----- ENTRIES SHOWN -----
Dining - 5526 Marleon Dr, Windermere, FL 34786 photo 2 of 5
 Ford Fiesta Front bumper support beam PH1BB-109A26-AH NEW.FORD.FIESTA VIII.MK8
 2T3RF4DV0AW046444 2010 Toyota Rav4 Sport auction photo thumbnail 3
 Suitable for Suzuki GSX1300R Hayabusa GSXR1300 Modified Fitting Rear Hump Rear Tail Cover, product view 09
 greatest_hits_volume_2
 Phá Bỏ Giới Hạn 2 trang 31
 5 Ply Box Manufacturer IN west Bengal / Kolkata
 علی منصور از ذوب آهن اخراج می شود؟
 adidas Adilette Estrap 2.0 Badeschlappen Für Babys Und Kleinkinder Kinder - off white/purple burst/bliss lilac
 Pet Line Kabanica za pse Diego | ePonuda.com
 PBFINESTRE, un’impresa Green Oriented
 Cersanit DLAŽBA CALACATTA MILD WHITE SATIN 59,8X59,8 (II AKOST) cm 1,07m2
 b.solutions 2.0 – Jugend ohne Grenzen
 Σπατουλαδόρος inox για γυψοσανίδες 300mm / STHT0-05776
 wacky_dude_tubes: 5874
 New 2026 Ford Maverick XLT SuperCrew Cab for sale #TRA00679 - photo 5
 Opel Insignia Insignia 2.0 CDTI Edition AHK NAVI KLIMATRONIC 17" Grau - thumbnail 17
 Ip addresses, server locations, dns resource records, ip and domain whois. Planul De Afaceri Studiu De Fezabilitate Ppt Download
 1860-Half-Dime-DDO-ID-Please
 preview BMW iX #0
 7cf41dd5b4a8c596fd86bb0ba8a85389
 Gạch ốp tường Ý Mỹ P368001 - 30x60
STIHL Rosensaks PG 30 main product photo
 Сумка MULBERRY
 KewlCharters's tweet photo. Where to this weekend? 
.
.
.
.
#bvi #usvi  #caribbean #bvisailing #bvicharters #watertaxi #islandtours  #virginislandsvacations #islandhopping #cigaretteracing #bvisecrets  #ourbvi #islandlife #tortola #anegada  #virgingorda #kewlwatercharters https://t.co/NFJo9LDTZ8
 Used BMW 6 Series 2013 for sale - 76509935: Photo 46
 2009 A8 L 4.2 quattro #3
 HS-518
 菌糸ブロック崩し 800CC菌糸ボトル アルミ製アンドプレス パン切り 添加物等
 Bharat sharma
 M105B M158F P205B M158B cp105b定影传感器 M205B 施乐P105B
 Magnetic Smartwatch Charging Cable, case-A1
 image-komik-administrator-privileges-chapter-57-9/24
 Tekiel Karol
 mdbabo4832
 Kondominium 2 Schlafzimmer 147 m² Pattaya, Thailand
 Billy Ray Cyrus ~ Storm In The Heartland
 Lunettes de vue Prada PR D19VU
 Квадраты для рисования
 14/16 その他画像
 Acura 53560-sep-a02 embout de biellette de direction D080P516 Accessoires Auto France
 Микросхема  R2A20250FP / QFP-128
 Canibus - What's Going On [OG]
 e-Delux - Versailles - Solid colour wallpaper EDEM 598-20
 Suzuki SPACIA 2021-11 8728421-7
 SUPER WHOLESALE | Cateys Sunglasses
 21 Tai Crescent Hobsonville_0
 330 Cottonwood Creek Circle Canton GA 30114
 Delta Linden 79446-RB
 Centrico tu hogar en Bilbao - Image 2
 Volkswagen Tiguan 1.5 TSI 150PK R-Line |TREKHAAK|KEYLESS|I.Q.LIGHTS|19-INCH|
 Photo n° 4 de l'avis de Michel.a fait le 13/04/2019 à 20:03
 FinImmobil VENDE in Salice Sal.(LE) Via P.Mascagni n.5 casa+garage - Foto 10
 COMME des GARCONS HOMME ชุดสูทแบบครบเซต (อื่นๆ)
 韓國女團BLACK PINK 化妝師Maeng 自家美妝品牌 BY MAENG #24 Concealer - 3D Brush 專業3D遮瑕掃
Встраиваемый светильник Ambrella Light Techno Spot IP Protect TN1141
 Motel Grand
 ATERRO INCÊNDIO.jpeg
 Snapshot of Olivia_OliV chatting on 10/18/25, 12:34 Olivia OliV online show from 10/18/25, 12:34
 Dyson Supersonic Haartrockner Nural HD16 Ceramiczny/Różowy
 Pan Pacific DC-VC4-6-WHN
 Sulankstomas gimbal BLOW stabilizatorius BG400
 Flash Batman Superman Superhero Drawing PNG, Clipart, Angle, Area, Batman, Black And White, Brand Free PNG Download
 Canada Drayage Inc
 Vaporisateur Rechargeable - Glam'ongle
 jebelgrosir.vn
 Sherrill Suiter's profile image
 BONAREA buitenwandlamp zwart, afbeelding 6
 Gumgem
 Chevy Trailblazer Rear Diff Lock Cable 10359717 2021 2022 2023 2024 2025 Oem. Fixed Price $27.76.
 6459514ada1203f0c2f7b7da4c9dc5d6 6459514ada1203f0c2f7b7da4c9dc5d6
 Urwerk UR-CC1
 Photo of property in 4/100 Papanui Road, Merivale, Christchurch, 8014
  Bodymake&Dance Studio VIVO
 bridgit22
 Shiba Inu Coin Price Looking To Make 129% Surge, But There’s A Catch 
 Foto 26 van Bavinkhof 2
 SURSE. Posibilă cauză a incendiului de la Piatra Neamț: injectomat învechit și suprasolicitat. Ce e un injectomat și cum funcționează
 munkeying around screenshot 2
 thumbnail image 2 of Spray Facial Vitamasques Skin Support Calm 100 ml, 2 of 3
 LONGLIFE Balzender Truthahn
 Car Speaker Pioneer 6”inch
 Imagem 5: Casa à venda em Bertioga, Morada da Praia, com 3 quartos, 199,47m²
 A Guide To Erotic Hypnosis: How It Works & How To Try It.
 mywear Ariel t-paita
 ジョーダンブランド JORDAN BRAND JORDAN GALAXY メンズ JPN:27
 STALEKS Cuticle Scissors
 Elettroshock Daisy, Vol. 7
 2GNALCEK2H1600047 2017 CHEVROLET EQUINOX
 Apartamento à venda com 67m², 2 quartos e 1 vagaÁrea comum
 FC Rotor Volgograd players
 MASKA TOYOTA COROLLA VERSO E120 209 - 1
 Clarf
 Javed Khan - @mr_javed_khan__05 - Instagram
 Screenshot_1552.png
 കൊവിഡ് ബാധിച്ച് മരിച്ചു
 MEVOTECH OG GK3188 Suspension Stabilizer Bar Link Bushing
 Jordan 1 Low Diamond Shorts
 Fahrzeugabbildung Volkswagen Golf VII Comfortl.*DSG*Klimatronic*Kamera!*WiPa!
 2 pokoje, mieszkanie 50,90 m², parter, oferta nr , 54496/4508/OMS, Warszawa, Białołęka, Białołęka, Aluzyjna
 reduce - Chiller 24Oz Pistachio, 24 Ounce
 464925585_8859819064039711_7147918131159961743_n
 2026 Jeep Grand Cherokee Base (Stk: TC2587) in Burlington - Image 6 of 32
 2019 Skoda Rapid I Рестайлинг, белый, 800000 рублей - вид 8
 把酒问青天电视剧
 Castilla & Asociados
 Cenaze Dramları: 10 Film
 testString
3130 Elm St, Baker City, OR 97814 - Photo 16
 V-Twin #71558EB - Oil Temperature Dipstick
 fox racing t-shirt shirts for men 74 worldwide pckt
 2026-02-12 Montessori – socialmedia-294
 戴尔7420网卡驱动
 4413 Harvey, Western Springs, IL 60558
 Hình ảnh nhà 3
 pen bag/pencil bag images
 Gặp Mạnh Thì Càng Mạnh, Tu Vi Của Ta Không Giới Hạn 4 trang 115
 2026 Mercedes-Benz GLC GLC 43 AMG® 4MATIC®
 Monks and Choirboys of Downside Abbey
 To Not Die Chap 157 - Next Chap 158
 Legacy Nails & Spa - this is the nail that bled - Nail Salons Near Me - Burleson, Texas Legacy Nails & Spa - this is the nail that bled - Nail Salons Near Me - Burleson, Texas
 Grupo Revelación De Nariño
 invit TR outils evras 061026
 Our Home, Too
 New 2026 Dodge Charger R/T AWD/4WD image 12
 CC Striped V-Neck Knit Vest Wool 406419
-----
EXERCISE REQUIREMENTS
The required answer is the run of lines above, starting at the line with "FinImmobil VENDE in" and ending at the line with "Sulankstomas gimbal BLOW", reproduced exactly with both ends.

SOLVED PROBLEM
 FinImmobil VENDE in Salice Sal.(LE) Via P.Mascagni n.5 casa+garage - Foto 10
 COMME des GARCONS HOMME ชุดสูทแบบครบเซต (อื่นๆ)
 韓國女團BLACK PINK 化妝師Maeng 自家美妝品牌 BY MAENG #24 Concealer - 3D Brush 專業3D遮瑕掃
Встраиваемый светильник Ambrella Light Techno Spot IP Protect TN1141
 Motel Grand
 ATERRO INCÊNDIO.jpeg
 Snapshot of Olivia_OliV chatting on 10/18/25, 12:34 Olivia OliV online show from 10/18/25, 12:34
 Dyson Supersonic Haartrockner Nural HD16 Ceramiczny/Różowy
 Pan Pacific DC-VC4-6-WHN
 Sulankstomas gimbal BLOW stabilizatorius BG400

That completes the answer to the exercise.